The Court has examined the circumstances in which the Secretary of State may reject a recommendation by the Parole Board that an ISP should be transferred to open conditions. In R (Banfield) v Secretary of State for Justice [2007] EWHC 2605 (Admin), Jackson J derived five principles from the authorities. Of those, the first and the fifth are most relevant to this case:

“(1) The decision of the Secretary of State is not lawful if he fails to take into account the recommendation of the Parole Board and the fact that the Parole Board has particular expertise in assessing the risk posed by individual prisoners. Nevertheless, it is a matter for the Secretary of State what weight he assigns to those factors in any given case.

(5) Even if the procedure adopted by the Secretary of State is fair, if his final decision is irrational it may still be quashed on traditional Wednesbury grounds.”

21.

He emphasised at [29] and [41] that decisions on categorisation are for the Secretary of State, and the Secretary of State is not bound by the Parole Board’s recommendations.

22.

The Secretary of State’s role as primary decision maker was confirmed by the Divisional Court in R (Hindawi) v Secretary of State for Justice [2011] EWHC 830 (QB) at [63].

23.

The circumstances in which the Secretary of State could depart from a recommendation of the Parole Board were examined in R (Kumar) v Secretary of State for Justice [2019] EWHC 444 (Admin). In relation to what is now paragraph 5.8.3 of the GPPPF, Andrews J said at [53]:

“The current Policy has added a third ground, namely, that the Secretary of State does not consider that there is a wholly persuasive case for transferring the prisoner to open conditions at the relevant time. The was the target for much of Mr Rule’s criticism. Bearing in mind that this follows an express acknowledgment of the “very limited parameters” for departure from the recommendation of the Board, it is clear that the purpose of that ground is not to widen those parameters, but to preserve the ability of the Secretary of State (or the person to whom he has delegated the power to make the decision on his behalf) to exercise his discretion to reject a recommendation which does not strictly fall within either of the preceding grounds, but which appears to him (for good reason) to be unjustified or inadequately reasoned.”

24.

In that case, she decided that the Secretary of State was entitled to reject the recommendation of the Parole Board, the good reason being that it ran counter to the majority view of professionals with direct experience of and contact with the prisoner.

25.

In R (Noye) v Secretary of State for Justice [2017] EWHC 267 (Admin), Lavender J drew on Hindawi to emphasise the “clear distinction” between findings of fact made by the Parole Board panel and the assessment of risk, noting that the Secretary of State could only depart from findings of fact made by the Parole Board “for good reason” ([24]). In that case, Lavender J concluded that a finding that a risk of absconding was “highly unlikely” was not a finding of fact but an assessment of the extent of future risk [41], although he also found that the Parole Board’s conclusion that the Claimant had made significant progress in changing his attitudes and tackling his behaviour problems was indeed a finding of fact from which the Secretary of State could not depart without good reason [46].
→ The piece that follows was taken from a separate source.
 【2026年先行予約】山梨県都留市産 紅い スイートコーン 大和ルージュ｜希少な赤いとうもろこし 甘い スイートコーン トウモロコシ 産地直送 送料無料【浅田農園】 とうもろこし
Evidence about the Decision

26.

The Secretary of State relies on evidence submitted for this judicial review from Gordon Davidson, deputy director of HMPPS and head of the public protection group. He produced two witness statements, dated 31 August 2021 and 12 October 2021, respectively. He set out the Claimant’s immigration history, summarised above. He stated that once the Parole Board’s letter was received, the Claimant’s Offender Manager Lina Howard completed an enhanced risk assessment in the form at Annex E of PSI 37/2014 as required by paragraph 5.8.9 of the GPPPF (see paragraph 19 above). This was the “more rigorous” risk assessment required by paragraph 1.3 of PSI 37/2014.

27.

That assessment was completed on 1 October 2020. Ms Howard considered each of the factors listed in PSI 37/2014 and concluded that:

“despite Mr Stephens very good custodial behaviour and risk level, I do not feel I am able to make an assessment of ‘very low risk’, due to Mr Stephens attitude expressed regarding deportation/his FN status and how I assess this impacted his engagement in interviews with me and willingness to be forthcoming to questions in interview.”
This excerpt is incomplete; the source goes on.